[Image-caption web data]
-------------------------

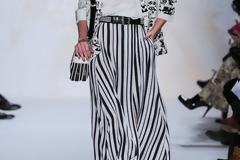 Η maxi φούστα για αέρινα outfits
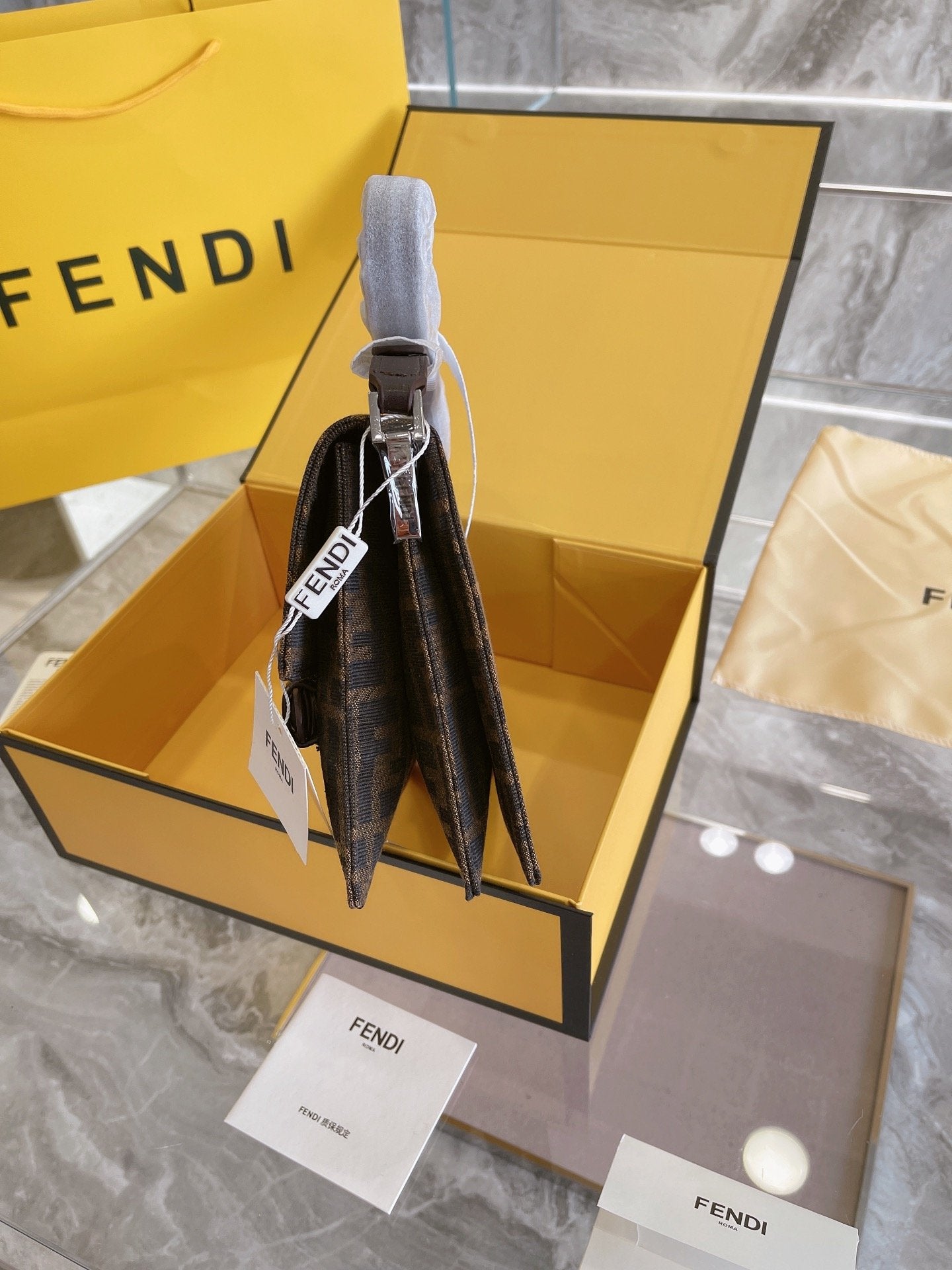 Luxury  Bags Fendi 125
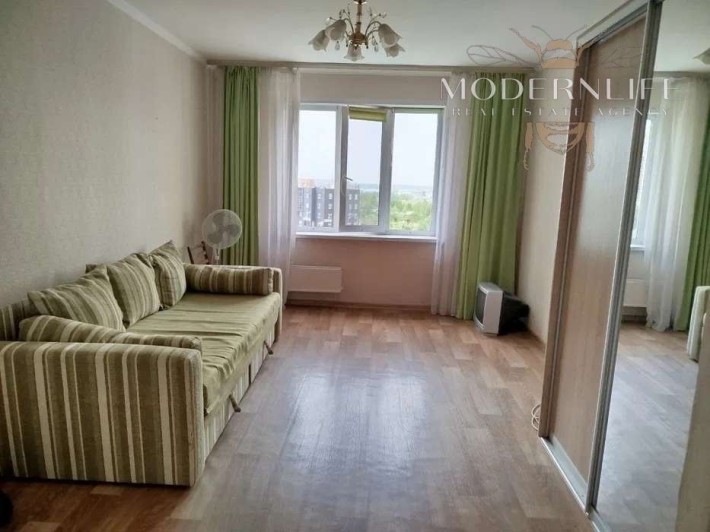 Продаж 3к квартири вул. Милославська 31 - фото 1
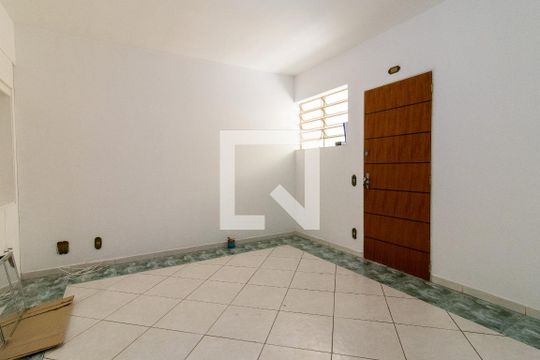 Sala de apartamento para alugar com 1 quarto, 47m² em Centro, Campinas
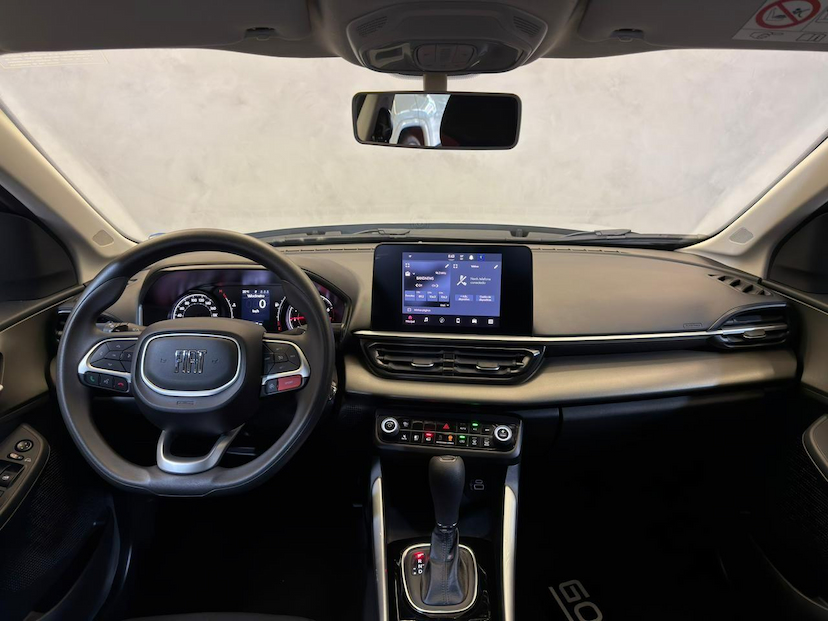 Foto do veículo FIAT FASTBACK  DRIVE 2024 2.916 KM 109.900,00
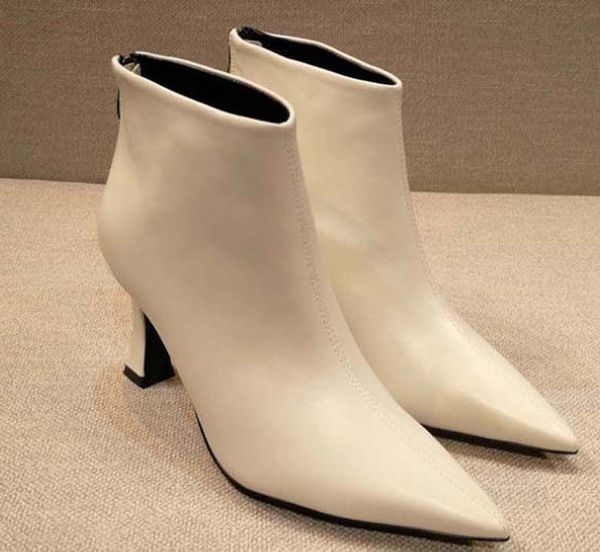 fashion leather star women shoes woman leather short autumn winter ankle fashion brand women boots 02 px46, Black
fashion leather star women shoes woman leather short autumn winter ankle fashion brand women boots 02 px46, Black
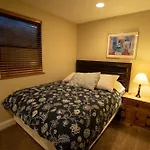 Roscoe Village Apartment Chicago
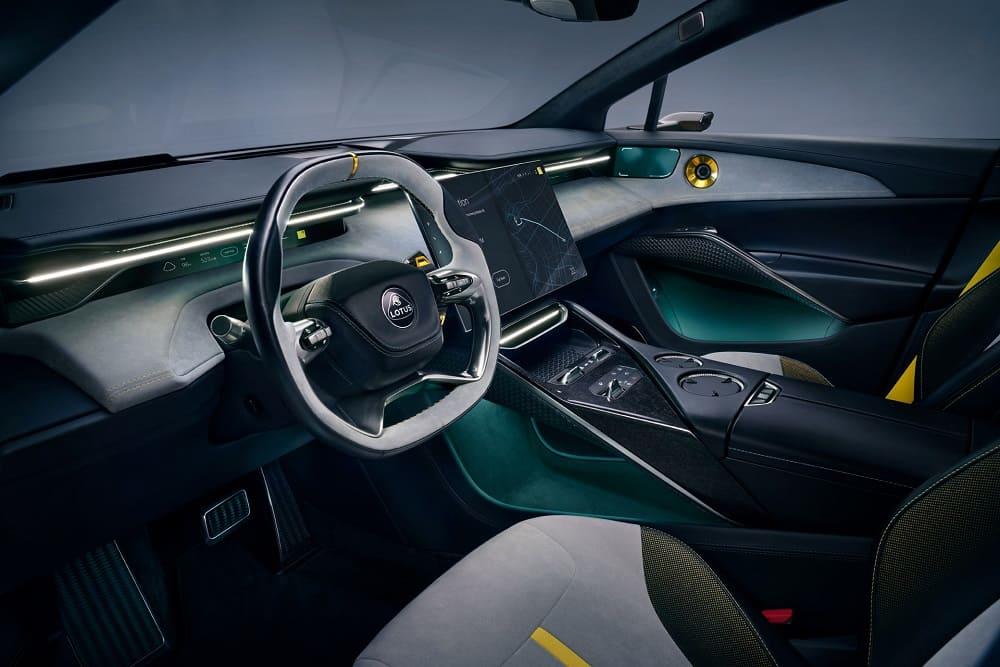 Электрический кроссовер Lotus Eletre интерьер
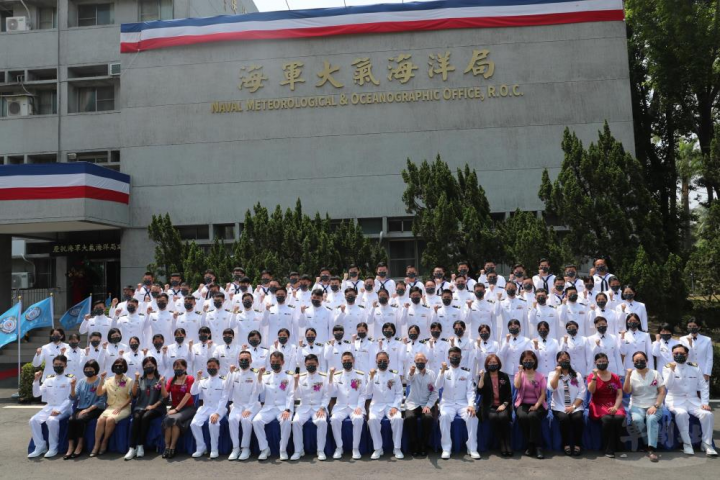 劉司令與官兵代表合影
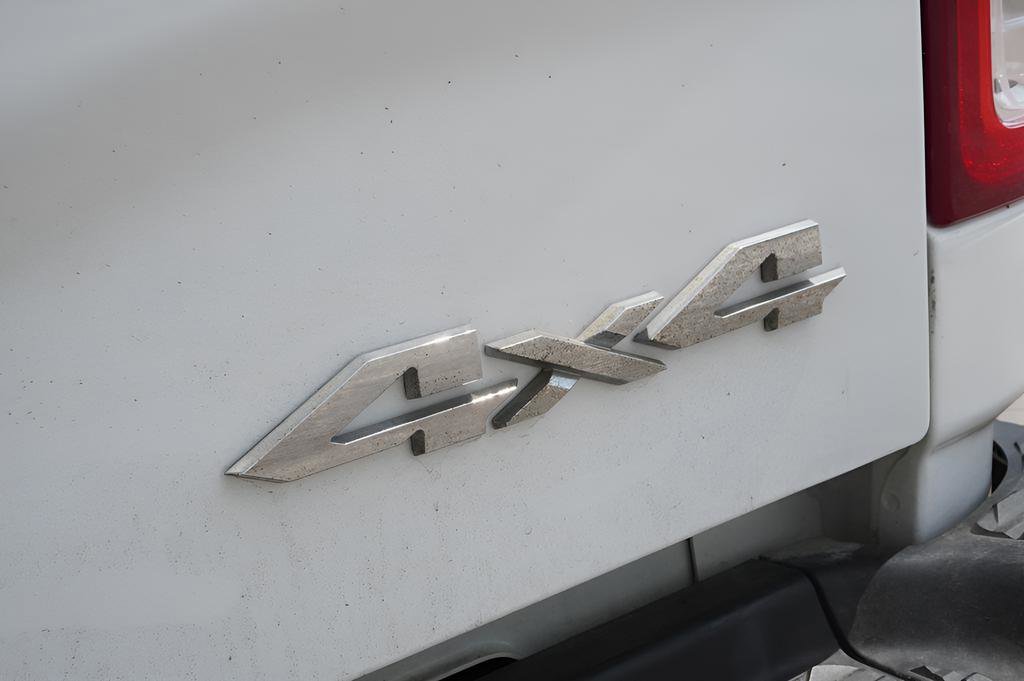 Used 2024 RAM 2500 Big Horn w/ Off Road Package AWD/4WD image 40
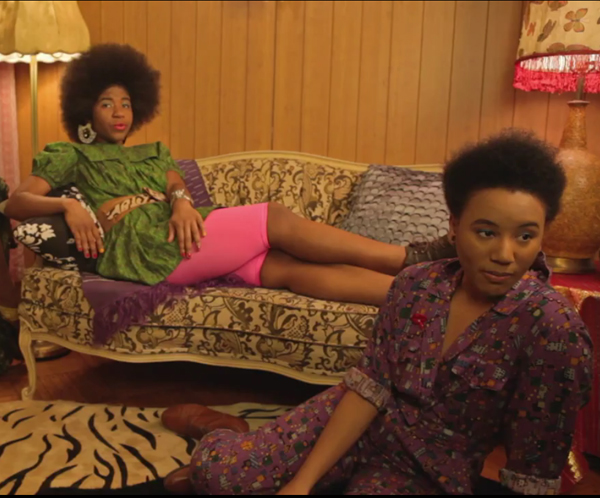 THEESatisfacton-QueenS-video_still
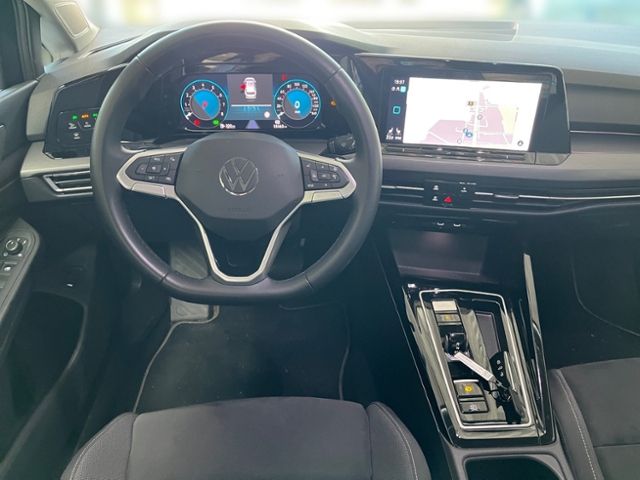 Fahrzeugabbildung Volkswagen Golf Variant 1.5 eTSI DSG STYLE NAVI IQ.LIGHT AH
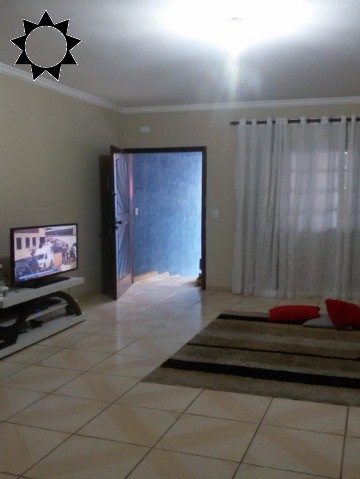 Casa, 3 quartos, 130 m² - Foto 1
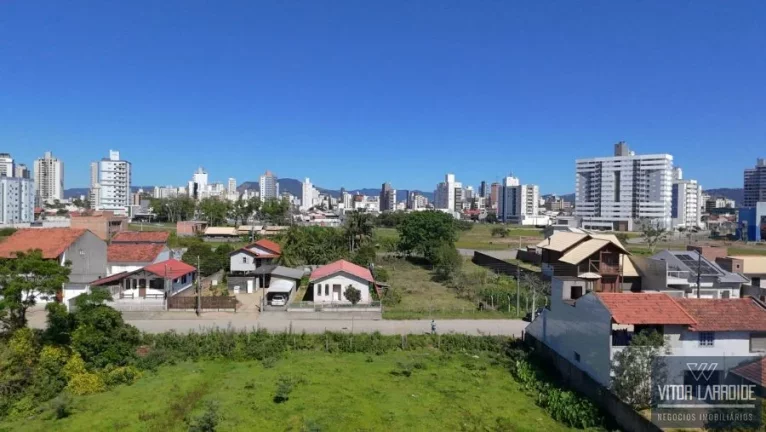 Imagem Terreno Amplo ao Lado da Arena Multiuso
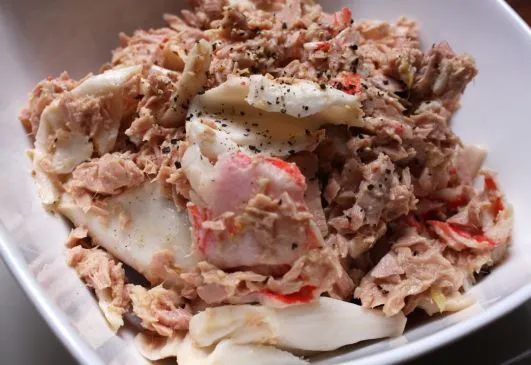 Cremiger Surimi-Salat (Dukan-Diät P/P UND P/V genehmigt!)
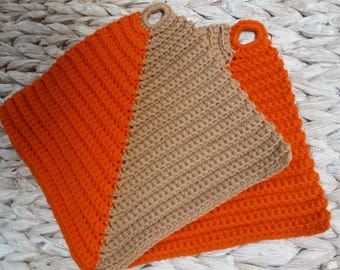Tweekleurige pannenlappen van 100% katoen - beige en oranje - 2 stuks - met ophanglus - direct leverbaar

-------------------------

BRIEF ::
Exact repetition of all entries is required. The pictures should not appear.

ANSWER SPACE ::
 Η maxi φούστα για αέρινα outfits
 Luxury  Bags Fendi 125
 Продаж 3к квартири вул. Милославська 31 - фото 1
 Sala de apartamento para alugar com 1 quarto, 47m² em Centro, Campinas
 Foto do veículo FIAT FASTBACK  DRIVE 2024 2.916 KM 109.900,00
 fashion leather star women shoes woman leather short autumn winter ankle fashion brand women boots 02 px46, Black
fashion leather star women shoes woman leather short autumn winter ankle fashion brand women boots 02 px46, Black
 Roscoe Village Apartment Chicago
 Электрический кроссовер Lotus Eletre интерьер
 劉司令與官兵代表合影
 Used 2024 RAM 2500 Big Horn w/ Off Road Package AWD/4WD image 40
 THEESatisfacton-QueenS-video_still
 Fahrzeugabbildung Volkswagen Golf Variant 1.5 eTSI DSG STYLE NAVI IQ.LIGHT AH
 Casa, 3 quartos, 130 m² - Foto 1
 Imagem Terreno Amplo ao Lado da Arena Multiuso
 Cremiger Surimi-Salat (Dukan-Diät P/P UND P/V genehmigt!)
Tweekleurige pannenlappen van 100% katoen - beige en oranje - 2 stuks - met ophanglus - direct leverbaar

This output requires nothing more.